* **AVAILABLE DATA**
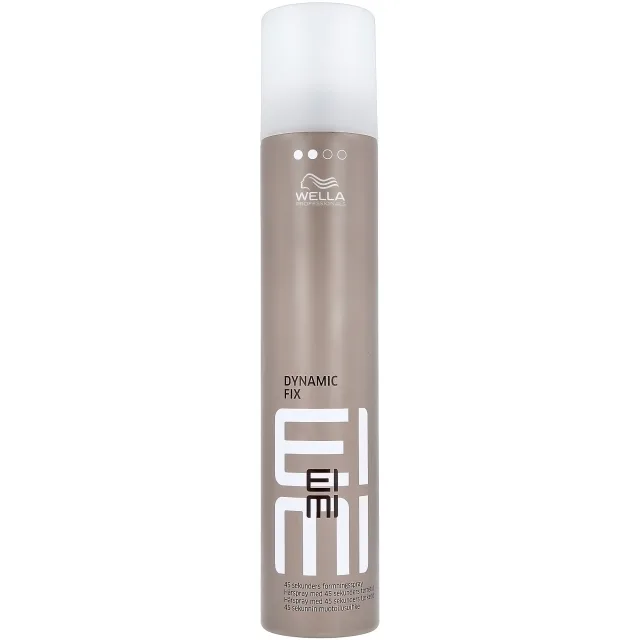 Wella Professionals EIMI Dynamic Fix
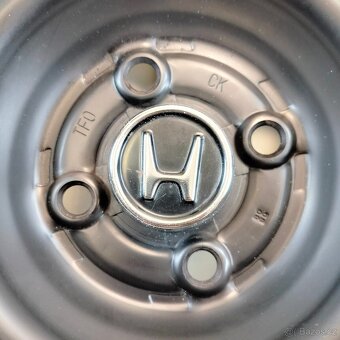 Disky na Honda 4x100 ET45 5,5Jx15" 56,1 - 4ks - 6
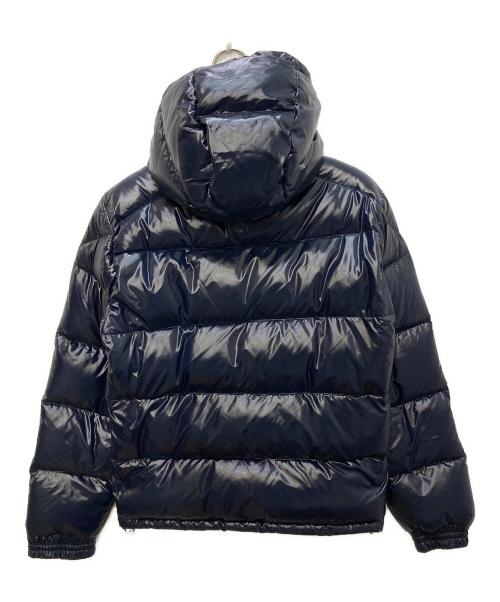 MONCLER（モンクレール）MONCLER (モンクレール) K2 DOWN JACKET ネイビー サイズ:00の古着・服飾アイテム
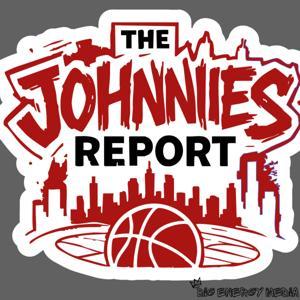 The Johnnies Report by Big East Energy
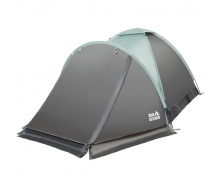 Палатка Skif Outdoor Alta 3 100+205x180x120 см Серый (1013-389.03.90)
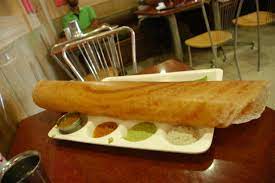 Ghee Roast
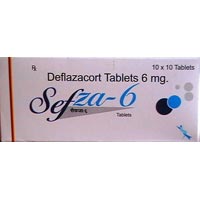 SEFZA-6 Tablets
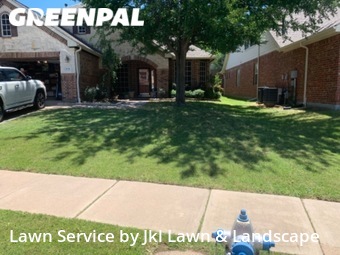 Yard Cutting nearby Corinth, TX, 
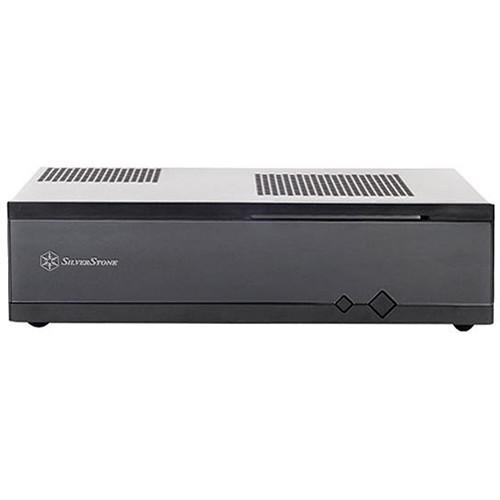SilverStone ML05 Milo HTPC Case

* **WHAT YOU SHOULD DO**
Beginning with the line that contains "Палатка Skif Outdoor", repeat every remaining line of the data exactly, the last line included, and omit pictures.

* **EXPECTED ANSWER**
 Палатка Skif Outdoor Alta 3 100+205x180x120 см Серый (1013-389.03.90)
 Ghee Roast
 SEFZA-6 Tablets
 Yard Cutting nearby Corinth, TX, 
SilverStone ML05 Milo HTPC Case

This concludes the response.